_Supplied material_.
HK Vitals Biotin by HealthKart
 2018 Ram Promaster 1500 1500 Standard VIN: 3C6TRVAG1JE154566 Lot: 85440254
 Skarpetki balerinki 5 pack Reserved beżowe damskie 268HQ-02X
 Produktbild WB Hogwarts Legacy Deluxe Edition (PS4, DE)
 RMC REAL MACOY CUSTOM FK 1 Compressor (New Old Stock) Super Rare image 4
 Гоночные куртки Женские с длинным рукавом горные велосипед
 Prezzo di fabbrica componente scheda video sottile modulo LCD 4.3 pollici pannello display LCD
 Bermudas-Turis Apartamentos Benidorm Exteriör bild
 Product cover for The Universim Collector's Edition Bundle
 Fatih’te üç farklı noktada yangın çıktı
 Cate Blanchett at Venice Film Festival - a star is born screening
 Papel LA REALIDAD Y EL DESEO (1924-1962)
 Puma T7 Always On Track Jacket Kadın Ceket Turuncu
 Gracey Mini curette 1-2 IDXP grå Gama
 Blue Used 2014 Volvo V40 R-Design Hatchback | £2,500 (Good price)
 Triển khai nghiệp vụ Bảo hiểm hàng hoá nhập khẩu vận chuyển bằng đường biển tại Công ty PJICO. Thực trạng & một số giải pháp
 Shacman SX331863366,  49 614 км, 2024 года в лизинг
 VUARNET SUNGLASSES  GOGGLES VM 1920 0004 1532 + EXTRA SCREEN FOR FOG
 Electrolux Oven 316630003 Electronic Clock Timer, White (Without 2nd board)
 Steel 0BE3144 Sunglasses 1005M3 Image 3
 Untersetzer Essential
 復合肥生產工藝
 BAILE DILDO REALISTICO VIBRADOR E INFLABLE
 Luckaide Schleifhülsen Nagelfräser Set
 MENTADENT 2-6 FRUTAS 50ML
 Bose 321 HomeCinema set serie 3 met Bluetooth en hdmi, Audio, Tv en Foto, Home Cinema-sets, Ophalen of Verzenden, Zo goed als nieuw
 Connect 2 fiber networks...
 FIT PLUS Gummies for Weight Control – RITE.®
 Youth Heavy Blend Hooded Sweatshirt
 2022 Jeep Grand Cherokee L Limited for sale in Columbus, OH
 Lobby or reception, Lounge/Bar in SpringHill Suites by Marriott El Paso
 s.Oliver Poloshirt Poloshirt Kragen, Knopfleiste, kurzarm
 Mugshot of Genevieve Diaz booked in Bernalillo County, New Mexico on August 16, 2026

_Directions for this task_. The response must hold only the lines above from the line with "FIT PLUS Gummies for Weight Control – RITE.®" through the line with "s.Oliver Poloshirt Poloshirt", each copied exactly, both ends kept.

_Solution for this problem_.
 FIT PLUS Gummies for Weight Control – RITE.®
 Youth Heavy Blend Hooded Sweatshirt
 2022 Jeep Grand Cherokee L Limited for sale in Columbus, OH
 Lobby or reception, Lounge/Bar in SpringHill Suites by Marriott El Paso
 s.Oliver Poloshirt Poloshirt Kragen, Knopfleiste, kurzarm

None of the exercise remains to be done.